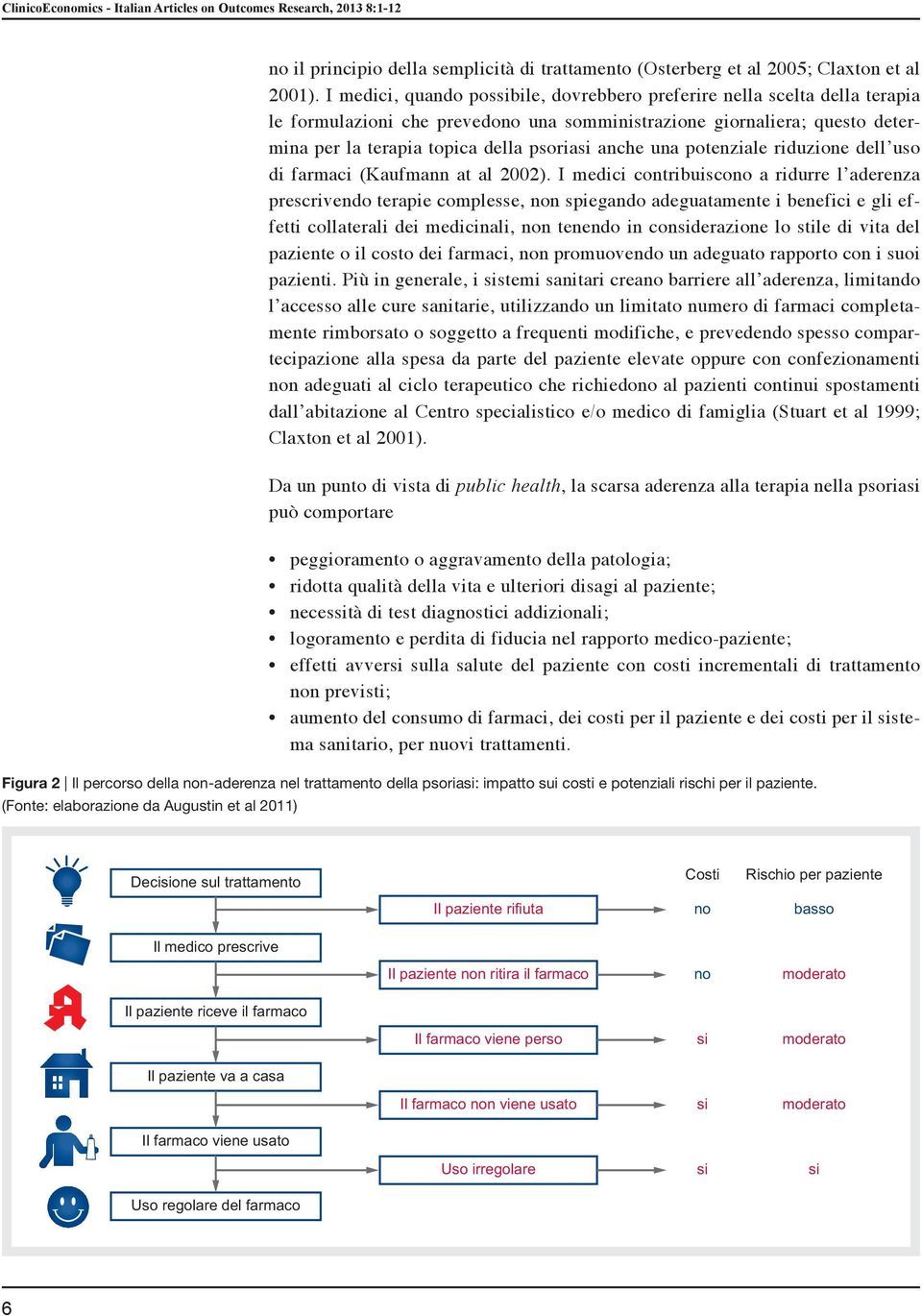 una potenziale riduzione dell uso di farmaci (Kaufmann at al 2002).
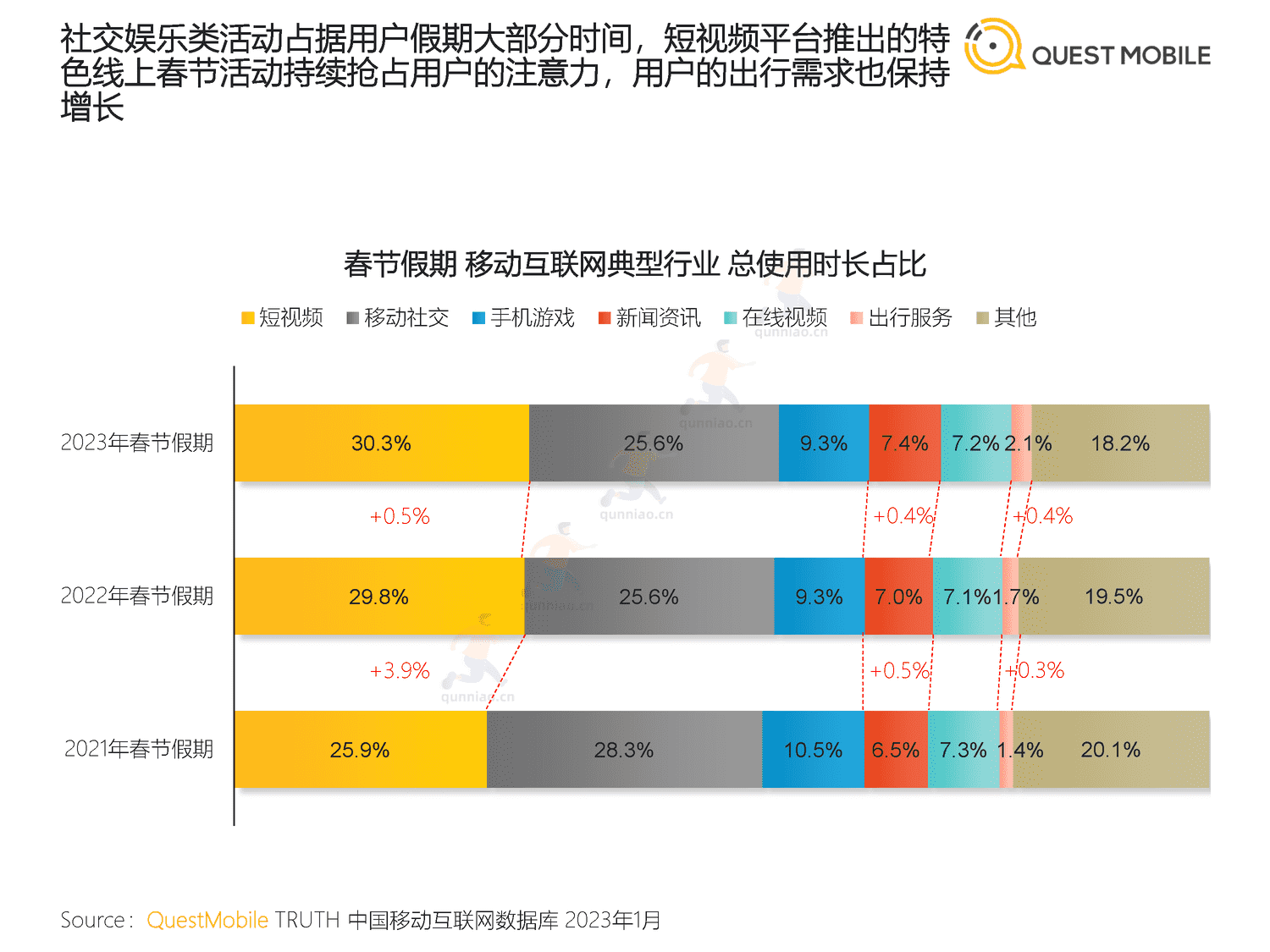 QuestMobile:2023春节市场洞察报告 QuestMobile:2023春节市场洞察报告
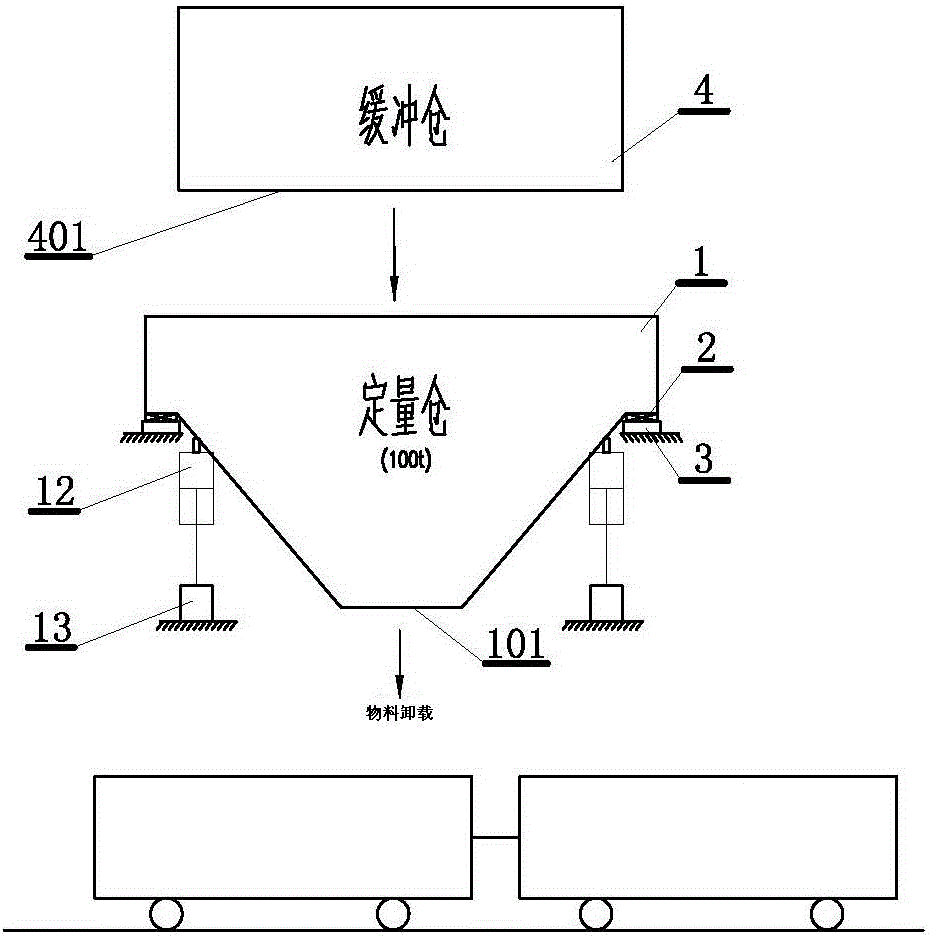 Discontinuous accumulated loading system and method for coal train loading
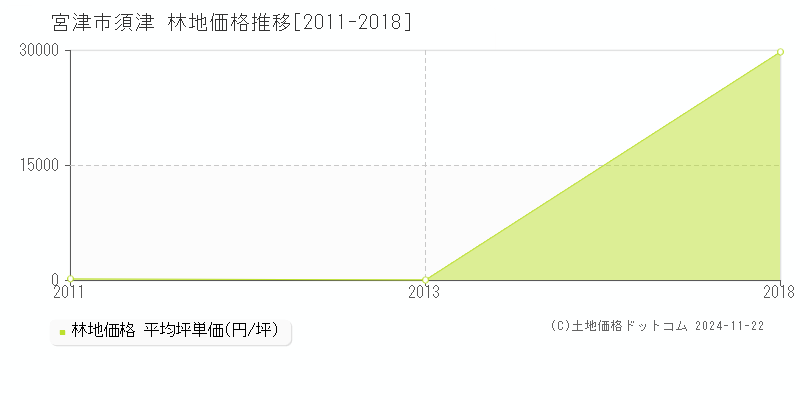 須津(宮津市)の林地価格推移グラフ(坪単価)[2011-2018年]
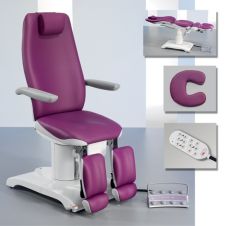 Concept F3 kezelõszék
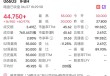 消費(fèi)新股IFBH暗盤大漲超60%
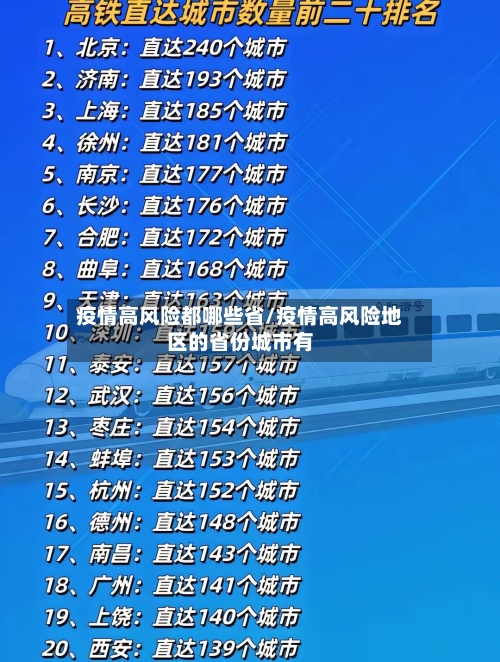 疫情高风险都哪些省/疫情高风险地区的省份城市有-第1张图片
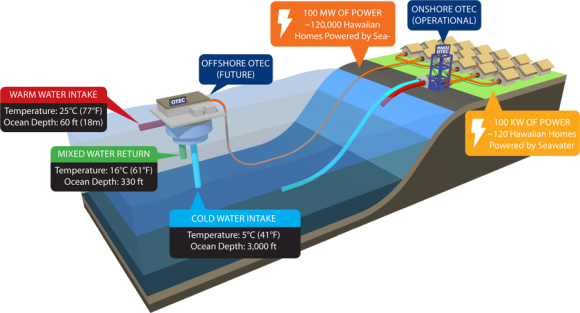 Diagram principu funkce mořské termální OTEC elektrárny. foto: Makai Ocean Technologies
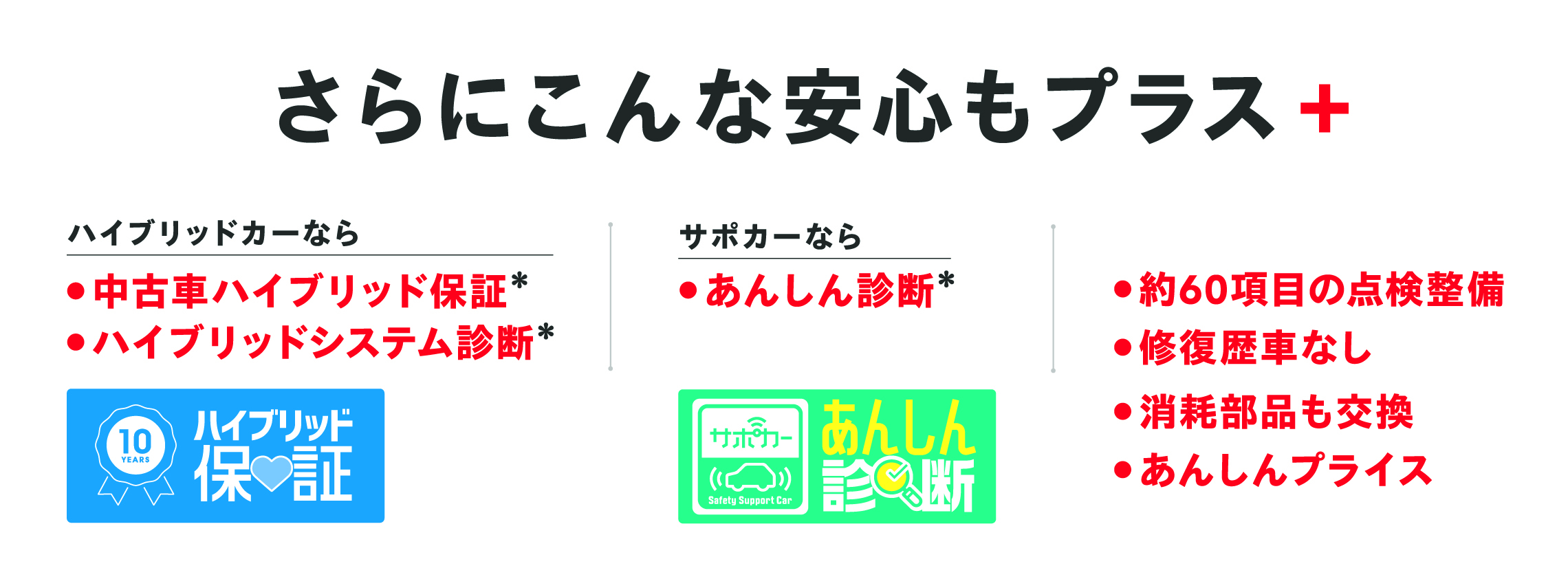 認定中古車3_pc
....
- [About this exercise]:
Beginning with the line that holds "須津(宮津市)の林地価格推移グラフ(坪単価)[2011-2018年]" and continuing to the end of the entries above, set down each line exactly, both ends included; include no pictures.

- [Finished task]:
 須津(宮津市)の林地価格推移グラフ(坪単価)[2011-2018年]
 Concept F3 kezelõszék
 消費(fèi)新股IFBH暗盤大漲超60%
 疫情高风险都哪些省/疫情高风险地区的省份城市有-第1张图片
 Diagram principu funkce mořské termální OTEC elektrárny. foto: Makai Ocean Technologies
 認定中古車3_pc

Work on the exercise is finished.